PostPosted: 08 Feb 2016, 05:09
by Axle
Hi Aulex, I wouldn't really want to search by rating. I'd be more interested in all 1vs1 games and their results.

Without knowing FAF db schema exactly (and pls forgive my rusty sql), I suspect I'd like something similar to:

select replay.id, replay.map_name, replay.time_start, replay.time_end, replay.duration, replay.game_type,
player.name, (player.uniqueID so as not to be confused by name changes??), player.score, player.faction, player.rating_mean, player.rating_stdev
from replays
join player on replay.id=player.replayid
where replay.game_type=1vs1

But for good measure, I'd like all the custom games too, for later on :D

Infact, maybe its better if I can just get my hands on a backup of the whole db :D:D

Re: trueskill parameter tuning results

PostPosted: 08 Feb 2016, 21:28
by Softly
I too would like some stats on past games to play with

Re: trueskill parameter tuning results

PostPosted: 09 Feb 2016, 10:12
by Axle
Here's some interesting figures:

Plots of rating progression for the 5 most prolific ladder players. In blue we have the current trueskill parameters. In red, my "optimimum" parameters. And in green, half way between.

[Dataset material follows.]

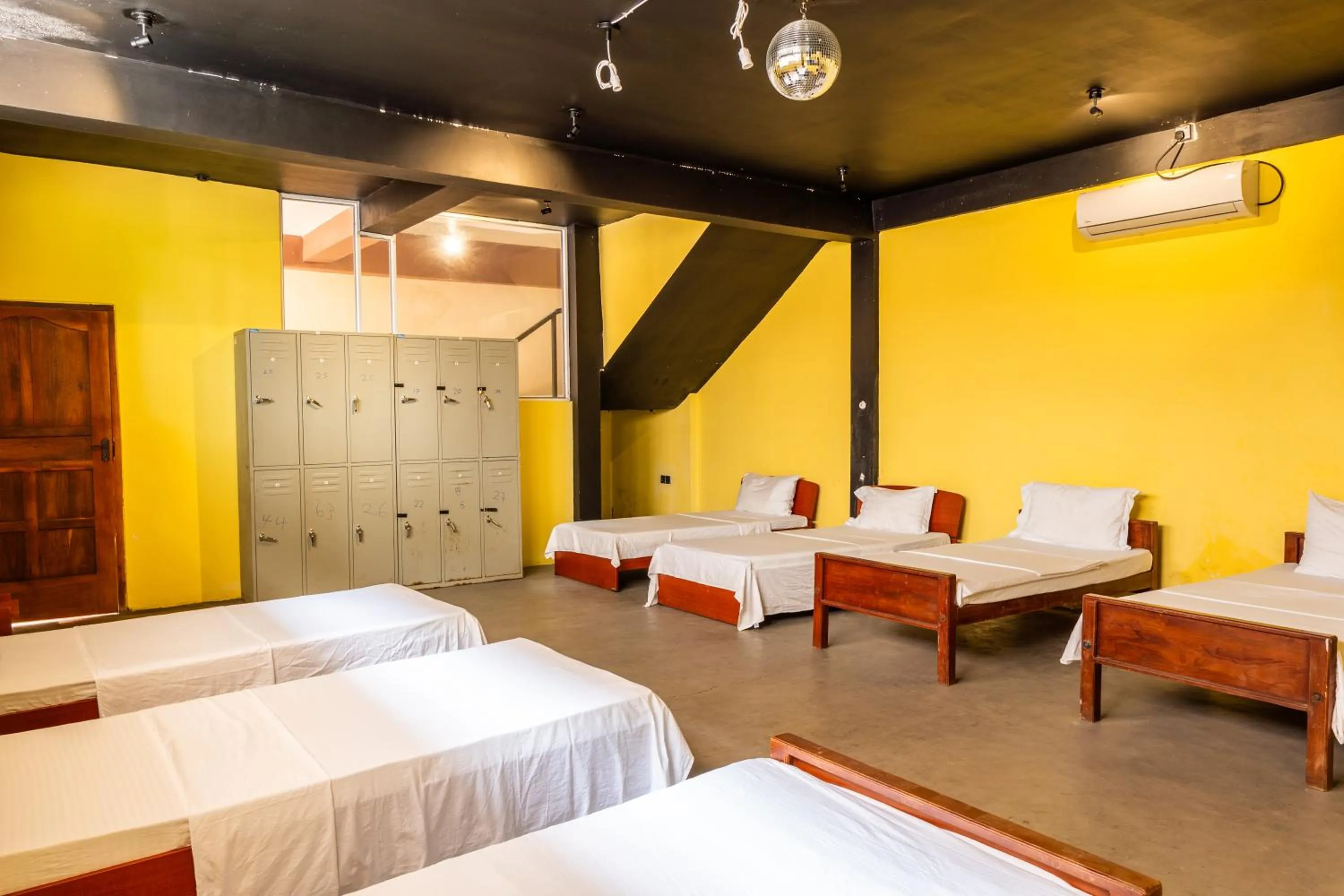 Bed in Sunrise Cabanas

So I guess the most obvious thing is that the "optimum" progression is a lot more volatile. The other thing to notice is that for beta=10, the log likelihood (L) isn't really that much worse than beta=18. As is often the case with maximum likelihood optimisations, the absolute optimum isn't necessarily the only acceptable solution, there are many suboptimal solutions that are almost as good. And if we throw into the mix that we don't like the degree of volatility that beta=18 gives us, well beta=10 is less volatile and is almost a predictive.

Image
Image
Image
Image
Image

So is what I'm saying is, I think maybe beta=10 is better :D

btw, the difference between pdraw=0.1 and pdraw=0.045 is negligible

Re: trueskill parameter tuning results

PostPosted: 23 Feb 2016, 22:04
by Softly
The most important criteria is whether your tuned version of trueskill better predicts results.

What sort of success rates does it get vs the current version?